The INEOS era at Manchester United was supposed to feel different by now. Sharper, more decisive, less vulnerable to the old missteps that turned too many summers into sagas. After a far cleaner year of business in 2025, they had earned a measure of trust.

Pre-season is here, and that credit is already being tested.

United’s recruitment drive, again, looks like a plan fraying at the edges. A marquee midfield signing has been treated as non-negotiable at Old Trafford, the cornerstone of Michael Carrick’s next step. Yet, one by one, the names are slipping away.

  • Elliot Anderson to Manchester City.
  • Mateus Fernandes to Tottenham Hotspur.
  • Aurelien Tchouameni staying at Real Madrid.

That last one stings in a way United fans know too well. Once more, a global star flirts with the idea of Old Trafford only to turn it into leverage for a new deal elsewhere. The echoes of Sergio Ramos in 2015 are hard to ignore. United as stalking horse. United as bargaining chip. United as the club that makes the phone ring for someone else.

And while smaller, quieter deals tick along in the background, the mood around Manchester is laced with déjà vu.

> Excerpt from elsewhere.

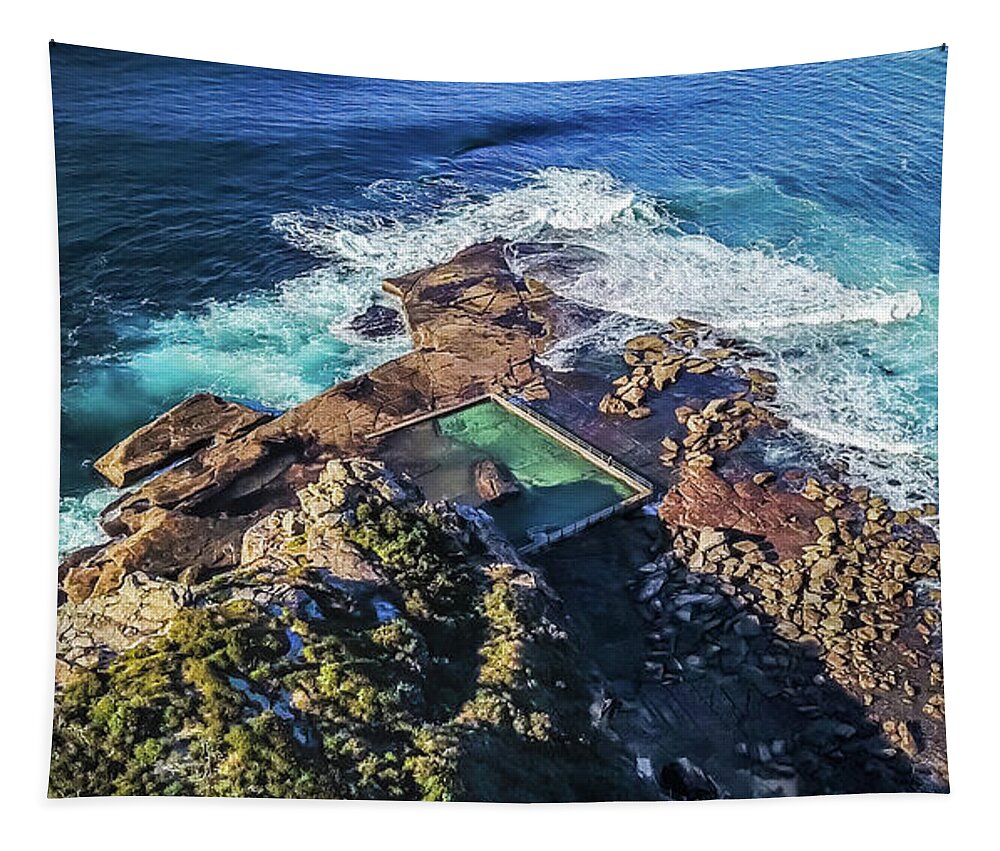 Chriscousins Tapestry featuring the photograph North Curl Curl Headland by Chris Cousins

The summer that feels like 2023

The pattern is unnervingly familiar.

In 2023, United entered the market from a position of relative strength. Erik ten Hag had just delivered a Carabao Cup, a third-place finish, and a sense that the club finally had a manager capable of restoring some order. The season had ended on a flat note — an FA Cup final defeat, a Europa League exit, and that brutal 7-0 humiliation at Anfield — but the direction of travel still looked positive.

Talk turned to elite names. Harry Kane. Declan Rice. Players who would have screamed ambition.

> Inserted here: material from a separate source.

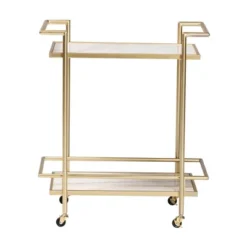 Louise Metal And Marble 2 Tier Wine Cart Gold/White Marble - Baxton Studio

The reality? Rasmus Hojlund, Andre Onana and Mason Mount. Useful players, certainly. But not the transformational headline acts that had been teased.

Mount’s United career never really got going, repeatedly derailed by injuries across three difficult seasons. Onana and Hojlund were both shipped out on loan last term, the Dane now gone for good after sealing a permanent move to Napoli. The bold new spine never hardened; it cracked.

Fast forward to now. Carrick has steered United back into the Champions League, another third-place finish restoring a degree of stability. The stage feels similar. So do the early moves.

A new goalkeeper is on his way in Karl Darlow. Solid, experienced, but no game-changer. Andrey Santos is expected to arrive from Chelsea in a deal north of £50m, a sizeable outlay on another emerging midfielder from Stamford Bridge, three years after Mount walked through the same doors.

Ederson, the dynamic Atalanta midfielder, was meant to be the statement piece. The one that would have drawn an obvious line between the Hojlund project and a more refined, more assured United. That deal has stalled, perhaps fatally, and with it the idea that this window would be ruthless and decisive.

Santos and Darlow deserve a fair hearing. They may yet prove shrewd. But the shape of the summer still feels incomplete, and the need for a genuine, high-profile anchor in midfield grows more urgent with every missed target.

Life after Tchouameni

For a time, Tchouameni looked like that answer.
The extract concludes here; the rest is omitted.